Enquanto veiculadora de debates políticos acirrados, essa imprensa poderia ser

chamada de política; paralelamente a ela, desenvolveram-se revistas e jornais voltados para a

literatura, constituintes da imprensa denominada literária. Até então separadas, limitadas por

objetivos distintos, nesse período emerge um jornalismo que é a fusão do político com o

literário, uma vez que a imprensa política deixa de ser palco para as discussões, obediente aos

interesses da monarquia e do latifúndio. Niterói, publicada em Paris, em 1836, por Gonçalves

de Magalhães, já trazia essas duas faces do jornalismo que, em terras brasileiras, concretizou-

se com a Minerva Brasiliense e A Guanabara, que circularam na Corte, respectivamente,

entre 1843 e 1845 e entre 1851 e 1855 (SODRÉ, 2007). Nesse contexto, mantinha-se, como

expressão do jornalismo conservador, no Rio de Janeiro, o Jornal do Comércio; em São

Paulo, o Correio Paulistano; em Pernambuco, o Diário de Pernambuco.

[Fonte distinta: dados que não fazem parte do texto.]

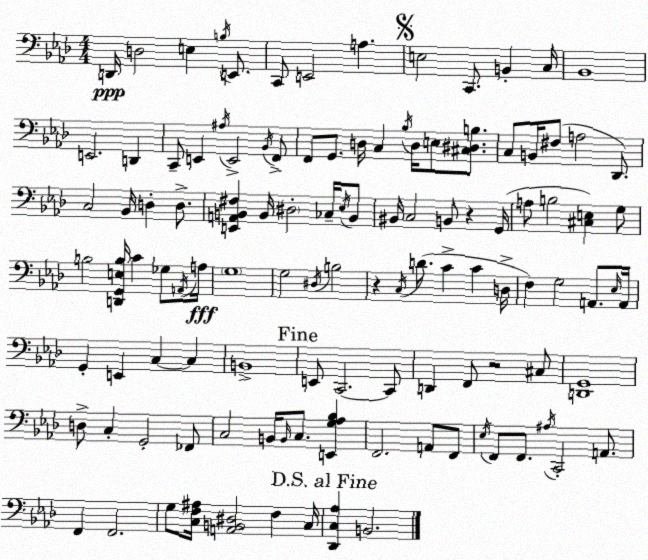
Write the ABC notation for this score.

A partir de então, imprensa e literatura conjugam-se nos periódicos da segunda metade

do século XIX. Nasce, na Corte, o Correio Mercantil. Jovem, com tendência partidária, esse

jornal era “mais vibrante, movimentado, atraente, e logo se tornou o órgão mais difundido.

[...] No jornal, ele [Francisco Otaviano de Almeida Rosa, seu diretor] soube reunir os

melhores elementos intelectuais do tempo, distinguindo-se logo Manuel Antônio de

Almeida”, que nele publicou o folhetim Memórias de um sargento de milícias, sob o

pseudônimo de “Um Brasileiro”, e José de Alencar, que “passou a escrever crônicas, no

rodapé domingueiro da primeira página, passando em revista os acontecimentos da semana.”

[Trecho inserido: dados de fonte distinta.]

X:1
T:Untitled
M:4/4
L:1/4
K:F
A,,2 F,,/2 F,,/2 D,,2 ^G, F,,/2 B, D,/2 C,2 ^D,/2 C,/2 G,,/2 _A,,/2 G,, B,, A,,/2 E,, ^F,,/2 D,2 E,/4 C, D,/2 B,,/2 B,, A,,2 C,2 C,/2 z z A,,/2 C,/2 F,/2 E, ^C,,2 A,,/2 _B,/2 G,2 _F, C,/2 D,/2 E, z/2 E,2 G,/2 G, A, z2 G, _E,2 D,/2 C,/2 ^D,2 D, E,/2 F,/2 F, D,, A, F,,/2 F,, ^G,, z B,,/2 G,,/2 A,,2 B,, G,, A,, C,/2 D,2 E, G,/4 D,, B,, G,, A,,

(SODRÉ, 2007, p.190). Em 1855, Alencar saiu do Correio Mercantil e passou a publicar suas

crônicas no Diário do Rio de Janeiro, o qual, de acordo com Sodré (2007, p.191),

“constituiria exemplo marcante da conjugação da literatura com a imprensa.” Nele o autor

publicou também Cinco minutos, O guarani e A viuvinha. Era a “época dos homens de letras

fazendo imprensa” (SODRÉ, 2007, p.192). Para Arnt (2002), com a literatura, o jornal se

tornou mais variado e atraente. Os acontecimentos cotidianos, os fatos políticos e as decisões

econômicas que influenciavam o dia a dia dos cidadãos eram apresentados com humor e

ironia pelos cronistas, que assumiram o posto de “historiadores da cidade”.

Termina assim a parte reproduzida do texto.